Si scrive solo su fogli A4. Devono essere fogli puliti, bianchi, affinché ci sia maggiore chiarezza; il margine da rispettare secondo la Cassazione è il 3,5; la scrittura migliore è il Verdana con interlinea 1,5 e 12 di dimensione.

Il giudizio di un buon ragionamento

Il giudizio di un buon ragionamento dipende molto dalla logica, ma non solo da essa; dicendo che dipende dalla logica è necessario saper individuare le strutture tra le forme logiche e le forme del linguaggio naturale. È necessario familiarizzare con il linguaggio della logica e con l'esercizio di traduzione del linguaggio naturale nelle disposizioni logiche considerando le regole di interezza.

Tutte le espressioni dell'esercizio della giustizia hanno luogo in determinati ambienti: lo studio di un avvocato, le aule giudiziarie; chi studia il discorso giudiziario non può permettersi di essere alessitinico, non può non considerare le emozioni o il contesto. Siccome la logica si esprime in un linguaggio formalizzato ed è indifferente alla dimensione temporale, spaziale e emozionale, chi si occupa di diritto deve anche conoscere il pensiero giuridico, le tecniche dell'argomentazione, sapendo che essa non considera solo la logica, ma anche la pragmatica e la psicologia delle emozioni. Secondo la teoria della comunicazione un buon discorso è tale se valido, vero e persuasivo, dove la validità è studiata dalla logica, la verità è questione di logica e di contingenza e la persuasione dipende dalle manovre strategiche, dalla capacità di usare strumenti tecnici persuasivi.

Fallacie e errori discorsivi

Fallacie: principali errori discorsivi che possono essere errori per la validità, per l'aspetto della verità o per la persuasione. L'obiettivo è conoscere gli errori argomentativi in modo da poter giudicare la propria e l'altro presentazione in modo da discutere nel contraddittorio.

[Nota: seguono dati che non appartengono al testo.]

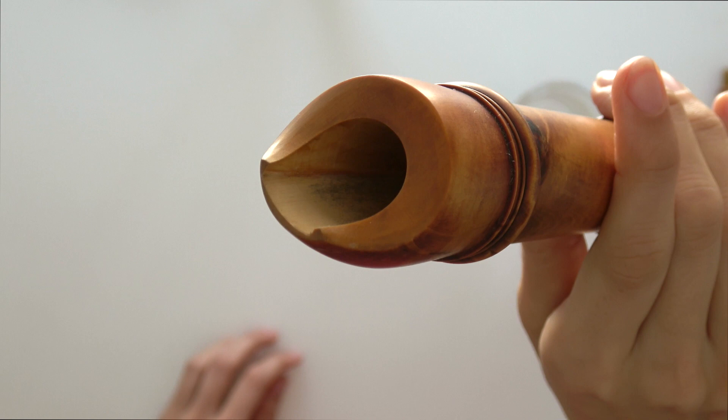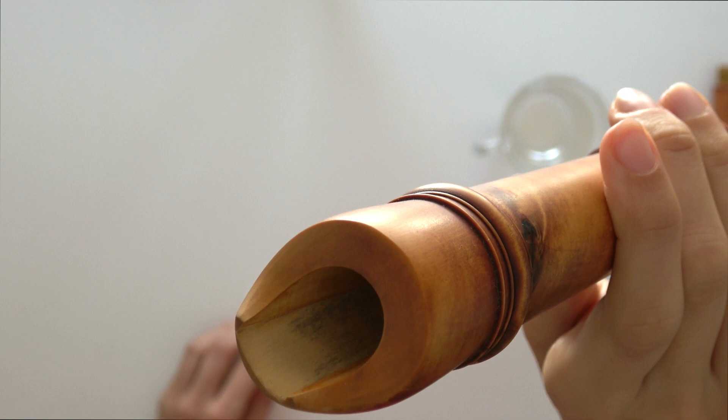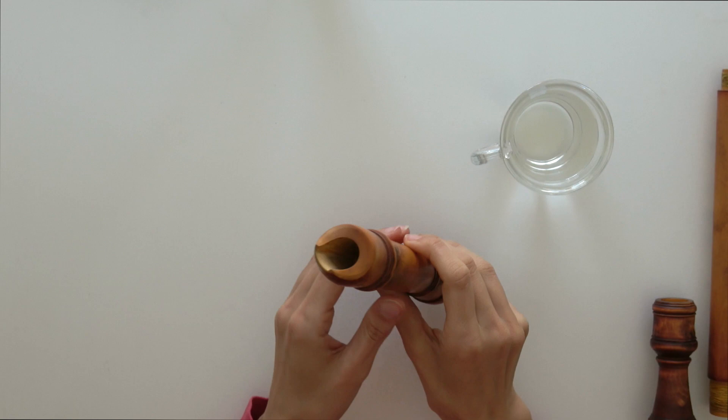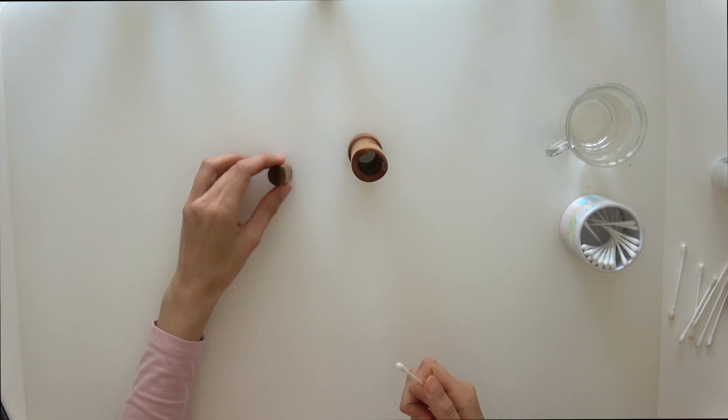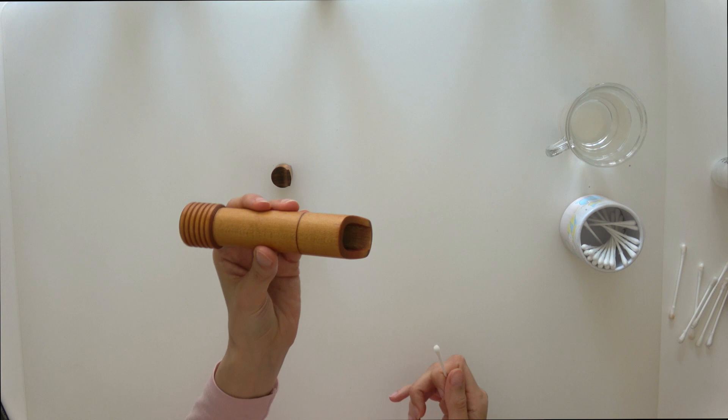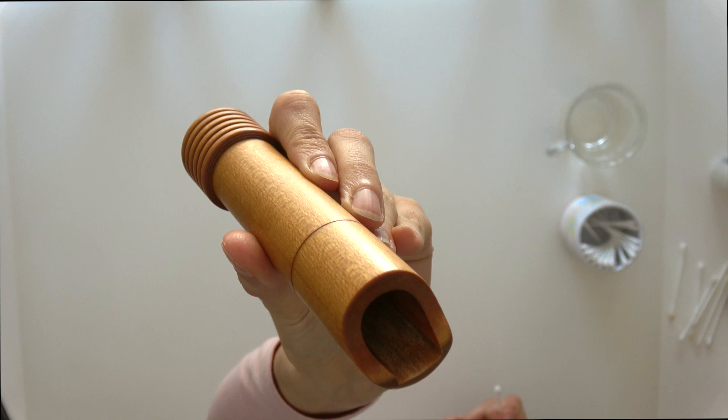It can originate in dirt within the windway, but also the sugars within the wood can be a good source of nutrients for the mold. That's why some types of wood are more likely to get mold. Also, the degree of acidity of our saliva or the presence of enzymes can play a role. That's why it's so important to brush our teeth before playing.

Per un nuovo "guru" dell'argomentazione per un buon avvocato sono necessarie e sufficienti tre caratteristiche:

  • La memorizzazione: la capacità di ricordare ciò che ha detto e ciò che è stato detto, il che significa mostrare capacità di apprendere e comprendere tutti i contenuti.
  • La comprensione: l'avvocato deve comprendere i concetti, cioè saperli esporre, il che significa saperli esemplificare all'occorrenza; un buon avvocato è anche un buon maestro. Chi sa ben comprendere sa bene esporre e chi sa bene esporre sa ben insegnare e crea buoni strumenti.
  • La comparazione: intesa come collegamento; un buon discorso è un discorso che sa fare collegamenti, che sa portare in evidenza certi elementi e sa produrre legami con altro materiale.

Se uno dispone di queste virtù l'enciclofallacia può essere dimenticata. Esercitarci a tradurre il linguaggio naturale in linguaggio logico.

La logica

Studi di Achille Varzi e Franca D'Agostini

Russel diceva che la logica mette le ali al pensiero perché consente di chiarire le idee e dare agilità al ragionamento; il ragionamento, con le strutture della logica, vola. La logica può consentire di chiarire i legami delle parole, ma anche individuare gli errori che si commettono nel ragionare.

La logica è lo studio per teoria e per tecnica del ragionamento; la logica si occupa del pensiero, ma non di qualunque tipo di pensiero. Ragionare e pensare sono sinonimi ma il ragionamento è un tipo speciale di pensiero, è il pensare secondo regole; la logica si occupa solo del pensiero razionale, del pensiero secondo le regole della ragione. La logica deve fissare le regole e dire in base a quali regole i ragionamenti sono giusti o meglio sono validi; la logica è lo studio del ragionamento valido, del pensiero che avviene secondo certe regole. Al logico non interessa il processo del ragionare, ciò che accade nella mente umana o nel contesto; al logico interessa solo la connessione formale. È un mito che il diritto possa essere studiato solo dalla logica; è un mito quello per il quale la logica è sufficiente al diritto; quando si parla di logica si parla solo di un tipo speciale di pensiero e del ragionamento così come è dato, non di quello che esso comporta. Vi sono circostanze che non interessano alla logica, ma alla teoria dell'argomentazione.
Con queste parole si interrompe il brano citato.